Member of the Legislative Council
- In office 1974–1977

Vice Chancellor of Sampurnanand Sanskrit Vishwavidyalaya

Personal details
- Born: 1900 Barpar, Gorakhpur, British India
- Died: 1988 (aged 87–88)
- Education: St. Andrew's College Muir Central College University of Allahabad
- Alma mater: University of Allahabad
- Occupation: Civil servant, Politician
- Known for: First ICS of Uttar Pradesh, Founder President of Gorakhpur University

= Surti Narayan Mani Tripathi =

Indian civil servant and politician (1900–1988)

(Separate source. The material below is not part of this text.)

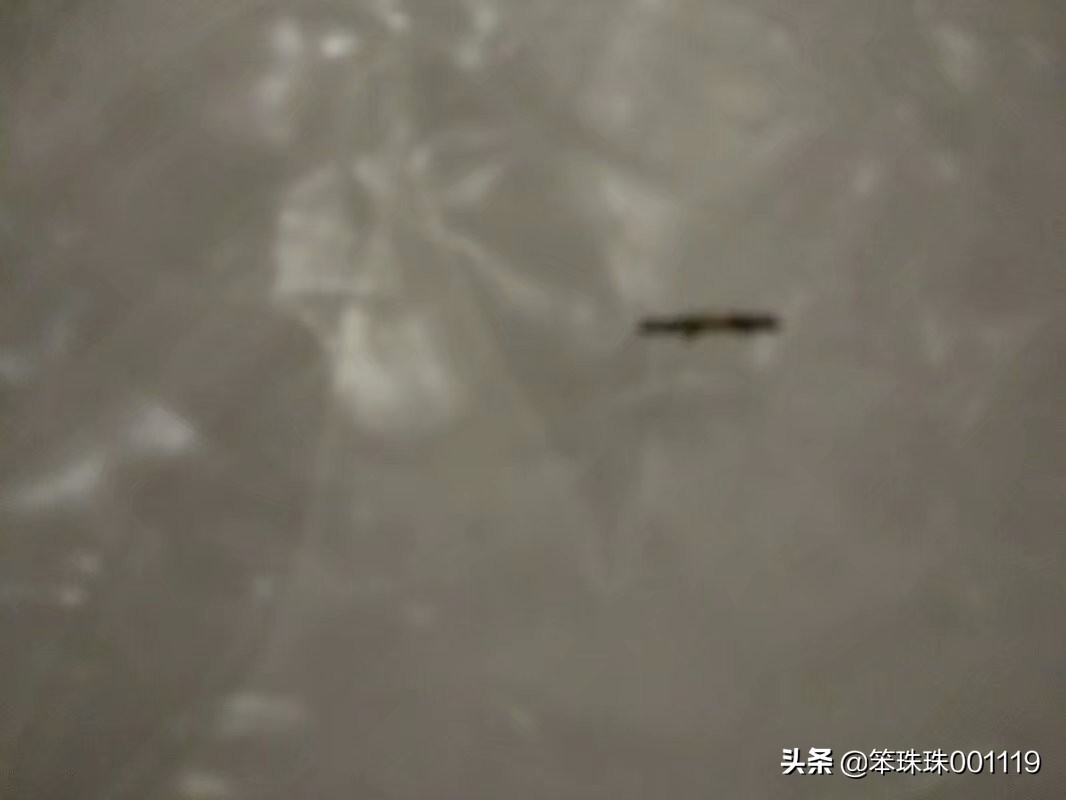 一颗牙的故事绘本,一颗完整的牙故事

Surti Narayan Mani Tripathi, also known as S.N.M. Tripathi and Pandit Tripathi (1900–1988), was an Indian civil servant and later a politician from Gorakhpur, Uttar Pradesh. He was the first ICS of Uttar Pradesh and the founder president of Gorakhpur University. He served as a Member of the Legislative Council from Uttar Pradesh twice, first from 1967 to 1968 and in the second term from 1974 to 1977. He served as the Vice Chancellor of Sampurnanand Sanskrit Vishwavidyalaya and played an important role in establishment of Gorakhpur University. His Son Prakash Mani Tripathi (Lt. Gen. Retired )and grandson Shashank Mani Tripathi

== Early life ==
He was born in 1900 in the village of Barpar, Gorakhpur district into a Saryuparin Brahmin family. He began at the Lower Primary School in Barpar, followed by schools in Sirjam and Majhauli Raj. He completed high school at Government Jubilee School in 1918 and went on to St. Andrew's College for his intermediate studies. In 1921, he enrolled at Muir Central College in Allahabad for his Bachelor of Arts degree, which he completed in 1923. He obtained his Master of Arts and Bachelor of Laws degrees from University of Allahabad.

== Career ==
In 1925, he returned to Gorakhpur and practised law in the civil court. He was selected for the PCS (Provincial Civil Service) in the same year and was posted to the Basti district for his first assignment. After India's independence in 1947, he was granted the Indian Administrative Service (IAS) cadre. He served as District magistrate of Gorakhpur, Allahabad, and Lucknow.

In 1956, Surti Narayan was appointed as a member of the Public Service Commission, serving until 1961. He then served as Senior Deputy Managing Director and Vice Chairman of the British India Corporation in Kanpur. In 1962, he was appointed Vice Chancellor of Sampurnanand Sanskrit University in Varanasi.

=== Politics ===
In June 1966, SNM Tripathi retired from the Indian Civil Service and returned to Gorakhpur. He then entered into politics, contesting and winning the Gorakhpur-Faizabad graduate constituency in the Uttar Pradesh Legislative Council (MLC) for the first time (1967–1968). Re-elected in 1974, he served another term as an MLC but chose not to contest further elections. Tripathi died in 1988.